*Work order*
The entries below hold a line with "La lluvia impide" and a line with "Saša Arsenovič, župan". Return those lines and all that lie between them, exactly and only.

*Data excerpts*
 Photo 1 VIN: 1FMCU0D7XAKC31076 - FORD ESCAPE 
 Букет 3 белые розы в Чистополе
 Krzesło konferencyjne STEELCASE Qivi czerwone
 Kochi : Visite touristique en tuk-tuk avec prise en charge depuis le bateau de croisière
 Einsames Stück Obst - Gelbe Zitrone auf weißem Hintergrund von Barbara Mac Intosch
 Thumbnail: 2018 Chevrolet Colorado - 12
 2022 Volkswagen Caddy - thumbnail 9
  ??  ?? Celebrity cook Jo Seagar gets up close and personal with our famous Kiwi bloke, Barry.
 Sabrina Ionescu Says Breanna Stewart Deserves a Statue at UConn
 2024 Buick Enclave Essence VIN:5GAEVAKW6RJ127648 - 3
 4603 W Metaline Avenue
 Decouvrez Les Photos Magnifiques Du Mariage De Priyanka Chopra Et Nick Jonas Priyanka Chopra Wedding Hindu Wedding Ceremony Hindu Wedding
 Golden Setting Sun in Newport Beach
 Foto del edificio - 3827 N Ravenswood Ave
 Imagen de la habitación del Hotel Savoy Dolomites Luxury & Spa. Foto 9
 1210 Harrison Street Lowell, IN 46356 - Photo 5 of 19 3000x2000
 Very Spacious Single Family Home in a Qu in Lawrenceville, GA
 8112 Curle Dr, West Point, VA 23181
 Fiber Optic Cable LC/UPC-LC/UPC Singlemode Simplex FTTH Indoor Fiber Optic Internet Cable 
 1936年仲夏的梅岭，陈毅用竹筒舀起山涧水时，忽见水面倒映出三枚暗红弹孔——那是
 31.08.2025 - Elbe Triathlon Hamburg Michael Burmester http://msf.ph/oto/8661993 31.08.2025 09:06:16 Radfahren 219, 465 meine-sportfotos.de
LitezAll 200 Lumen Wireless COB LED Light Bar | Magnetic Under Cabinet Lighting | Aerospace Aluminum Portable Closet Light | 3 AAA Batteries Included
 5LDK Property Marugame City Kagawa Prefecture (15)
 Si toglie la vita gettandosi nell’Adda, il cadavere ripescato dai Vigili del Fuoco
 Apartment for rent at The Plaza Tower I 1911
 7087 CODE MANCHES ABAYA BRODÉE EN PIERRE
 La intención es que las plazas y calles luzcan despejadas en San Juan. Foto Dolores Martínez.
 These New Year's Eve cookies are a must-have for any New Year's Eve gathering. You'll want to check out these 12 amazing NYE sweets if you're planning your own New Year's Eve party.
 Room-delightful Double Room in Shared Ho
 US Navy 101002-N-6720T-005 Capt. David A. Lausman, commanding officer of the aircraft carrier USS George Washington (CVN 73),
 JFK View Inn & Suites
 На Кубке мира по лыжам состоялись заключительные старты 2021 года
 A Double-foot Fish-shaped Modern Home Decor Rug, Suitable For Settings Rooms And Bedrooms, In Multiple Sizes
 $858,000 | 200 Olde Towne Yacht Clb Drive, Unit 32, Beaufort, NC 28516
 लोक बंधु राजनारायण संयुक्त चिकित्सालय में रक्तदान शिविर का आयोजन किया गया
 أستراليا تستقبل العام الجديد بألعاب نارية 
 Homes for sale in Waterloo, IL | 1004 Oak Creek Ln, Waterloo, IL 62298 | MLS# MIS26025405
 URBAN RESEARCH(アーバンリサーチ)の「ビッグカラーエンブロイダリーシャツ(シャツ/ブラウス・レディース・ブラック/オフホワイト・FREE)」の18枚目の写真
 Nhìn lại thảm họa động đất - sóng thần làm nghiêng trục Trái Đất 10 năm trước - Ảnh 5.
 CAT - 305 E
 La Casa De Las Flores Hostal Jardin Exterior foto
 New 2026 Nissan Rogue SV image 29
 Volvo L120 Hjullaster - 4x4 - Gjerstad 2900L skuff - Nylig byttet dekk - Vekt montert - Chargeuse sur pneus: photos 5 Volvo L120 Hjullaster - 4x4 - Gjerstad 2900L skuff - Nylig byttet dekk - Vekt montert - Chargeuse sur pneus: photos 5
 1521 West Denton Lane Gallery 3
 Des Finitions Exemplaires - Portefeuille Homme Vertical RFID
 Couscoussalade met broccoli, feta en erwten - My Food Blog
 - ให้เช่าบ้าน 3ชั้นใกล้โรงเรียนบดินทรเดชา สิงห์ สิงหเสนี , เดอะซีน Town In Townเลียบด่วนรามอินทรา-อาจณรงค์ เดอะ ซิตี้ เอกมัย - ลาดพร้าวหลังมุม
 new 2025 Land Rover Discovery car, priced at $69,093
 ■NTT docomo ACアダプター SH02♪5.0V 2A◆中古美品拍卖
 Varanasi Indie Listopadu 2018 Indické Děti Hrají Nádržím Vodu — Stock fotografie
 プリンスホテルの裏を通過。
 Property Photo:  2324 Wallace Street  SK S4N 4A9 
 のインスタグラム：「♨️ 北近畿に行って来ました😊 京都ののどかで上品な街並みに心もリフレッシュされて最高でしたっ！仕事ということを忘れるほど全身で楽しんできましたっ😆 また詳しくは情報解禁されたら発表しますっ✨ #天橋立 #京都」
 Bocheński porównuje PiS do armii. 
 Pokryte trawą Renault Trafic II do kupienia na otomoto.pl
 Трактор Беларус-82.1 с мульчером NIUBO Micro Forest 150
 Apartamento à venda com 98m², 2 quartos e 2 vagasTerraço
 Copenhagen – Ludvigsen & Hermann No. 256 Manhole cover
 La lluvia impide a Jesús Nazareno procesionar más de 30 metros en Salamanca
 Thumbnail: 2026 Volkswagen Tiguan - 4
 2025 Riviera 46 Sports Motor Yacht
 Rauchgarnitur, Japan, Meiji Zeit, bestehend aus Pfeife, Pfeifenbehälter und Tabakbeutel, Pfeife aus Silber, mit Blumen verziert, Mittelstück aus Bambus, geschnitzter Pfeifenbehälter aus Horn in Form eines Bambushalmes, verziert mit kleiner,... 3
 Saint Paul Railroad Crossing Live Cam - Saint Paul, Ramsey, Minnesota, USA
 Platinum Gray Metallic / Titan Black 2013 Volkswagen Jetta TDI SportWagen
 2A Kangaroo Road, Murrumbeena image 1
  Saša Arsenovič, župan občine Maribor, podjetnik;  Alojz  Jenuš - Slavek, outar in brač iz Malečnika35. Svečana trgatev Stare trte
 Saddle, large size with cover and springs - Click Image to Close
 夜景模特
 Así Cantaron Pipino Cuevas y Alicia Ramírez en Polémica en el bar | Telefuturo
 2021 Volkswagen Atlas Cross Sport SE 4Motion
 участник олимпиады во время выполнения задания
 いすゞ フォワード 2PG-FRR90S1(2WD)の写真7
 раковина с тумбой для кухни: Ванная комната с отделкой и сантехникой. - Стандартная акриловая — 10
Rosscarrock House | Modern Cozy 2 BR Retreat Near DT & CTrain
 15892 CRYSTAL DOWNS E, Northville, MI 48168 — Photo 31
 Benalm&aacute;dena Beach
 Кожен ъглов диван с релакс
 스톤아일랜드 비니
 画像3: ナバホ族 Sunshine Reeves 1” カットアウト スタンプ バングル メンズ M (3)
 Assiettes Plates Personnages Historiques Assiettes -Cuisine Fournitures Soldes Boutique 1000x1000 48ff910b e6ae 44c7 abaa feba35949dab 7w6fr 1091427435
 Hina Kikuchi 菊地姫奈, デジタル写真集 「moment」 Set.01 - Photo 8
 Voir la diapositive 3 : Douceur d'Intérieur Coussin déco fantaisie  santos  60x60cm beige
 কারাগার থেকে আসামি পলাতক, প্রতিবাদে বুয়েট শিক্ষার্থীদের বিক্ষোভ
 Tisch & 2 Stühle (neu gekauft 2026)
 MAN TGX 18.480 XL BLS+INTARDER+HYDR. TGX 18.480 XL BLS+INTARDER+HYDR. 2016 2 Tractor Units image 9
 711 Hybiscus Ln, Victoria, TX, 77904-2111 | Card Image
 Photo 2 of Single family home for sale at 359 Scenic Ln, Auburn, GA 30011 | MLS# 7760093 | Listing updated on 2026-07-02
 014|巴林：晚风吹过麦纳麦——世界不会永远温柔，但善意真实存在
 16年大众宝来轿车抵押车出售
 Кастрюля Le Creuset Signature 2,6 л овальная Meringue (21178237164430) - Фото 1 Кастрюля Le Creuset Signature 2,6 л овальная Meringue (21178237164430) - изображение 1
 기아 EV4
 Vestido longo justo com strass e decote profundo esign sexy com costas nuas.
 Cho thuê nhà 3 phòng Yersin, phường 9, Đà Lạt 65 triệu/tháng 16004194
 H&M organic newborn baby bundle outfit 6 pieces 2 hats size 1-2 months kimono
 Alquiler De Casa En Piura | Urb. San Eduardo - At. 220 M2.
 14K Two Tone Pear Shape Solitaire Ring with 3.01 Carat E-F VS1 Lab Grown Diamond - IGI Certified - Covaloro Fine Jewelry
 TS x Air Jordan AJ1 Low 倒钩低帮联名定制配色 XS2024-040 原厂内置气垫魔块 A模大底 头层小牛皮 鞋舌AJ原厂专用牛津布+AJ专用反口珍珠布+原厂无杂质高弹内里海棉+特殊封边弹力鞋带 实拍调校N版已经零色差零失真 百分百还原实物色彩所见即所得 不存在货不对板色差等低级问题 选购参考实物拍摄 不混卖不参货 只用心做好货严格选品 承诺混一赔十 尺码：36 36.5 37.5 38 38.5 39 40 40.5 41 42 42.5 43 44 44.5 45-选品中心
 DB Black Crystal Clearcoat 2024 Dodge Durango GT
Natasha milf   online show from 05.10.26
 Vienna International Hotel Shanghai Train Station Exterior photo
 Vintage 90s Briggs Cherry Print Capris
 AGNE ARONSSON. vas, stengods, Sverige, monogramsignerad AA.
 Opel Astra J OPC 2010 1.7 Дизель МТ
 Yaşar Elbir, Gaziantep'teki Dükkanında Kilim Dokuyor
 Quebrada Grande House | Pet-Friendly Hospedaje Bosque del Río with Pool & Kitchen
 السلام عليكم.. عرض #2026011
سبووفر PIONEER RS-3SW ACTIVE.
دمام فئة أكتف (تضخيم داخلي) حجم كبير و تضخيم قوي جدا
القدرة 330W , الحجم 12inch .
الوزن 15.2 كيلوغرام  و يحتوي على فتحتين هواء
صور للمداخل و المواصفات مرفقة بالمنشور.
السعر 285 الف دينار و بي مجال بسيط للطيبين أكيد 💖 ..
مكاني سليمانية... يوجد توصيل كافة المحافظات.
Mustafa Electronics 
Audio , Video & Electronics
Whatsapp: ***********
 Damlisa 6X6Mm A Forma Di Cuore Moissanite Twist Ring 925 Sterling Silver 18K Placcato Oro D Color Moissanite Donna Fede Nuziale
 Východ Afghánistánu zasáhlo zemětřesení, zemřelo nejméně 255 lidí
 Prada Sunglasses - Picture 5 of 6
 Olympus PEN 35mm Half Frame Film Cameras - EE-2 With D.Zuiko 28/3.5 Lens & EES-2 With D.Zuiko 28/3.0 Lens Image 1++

*Exercise output*
 La lluvia impide a Jesús Nazareno procesionar más de 30 metros en Salamanca
 Thumbnail: 2026 Volkswagen Tiguan - 4
 2025 Riviera 46 Sports Motor Yacht
 Rauchgarnitur, Japan, Meiji Zeit, bestehend aus Pfeife, Pfeifenbehälter und Tabakbeutel, Pfeife aus Silber, mit Blumen verziert, Mittelstück aus Bambus, geschnitzter Pfeifenbehälter aus Horn in Form eines Bambushalmes, verziert mit kleiner,... 3
 Saint Paul Railroad Crossing Live Cam - Saint Paul, Ramsey, Minnesota, USA
 Platinum Gray Metallic / Titan Black 2013 Volkswagen Jetta TDI SportWagen
 2A Kangaroo Road, Murrumbeena image 1
  Saša Arsenovič, župan občine Maribor, podjetnik;  Alojz  Jenuš - Slavek, outar in brač iz Malečnika35. Svečana trgatev Stare trte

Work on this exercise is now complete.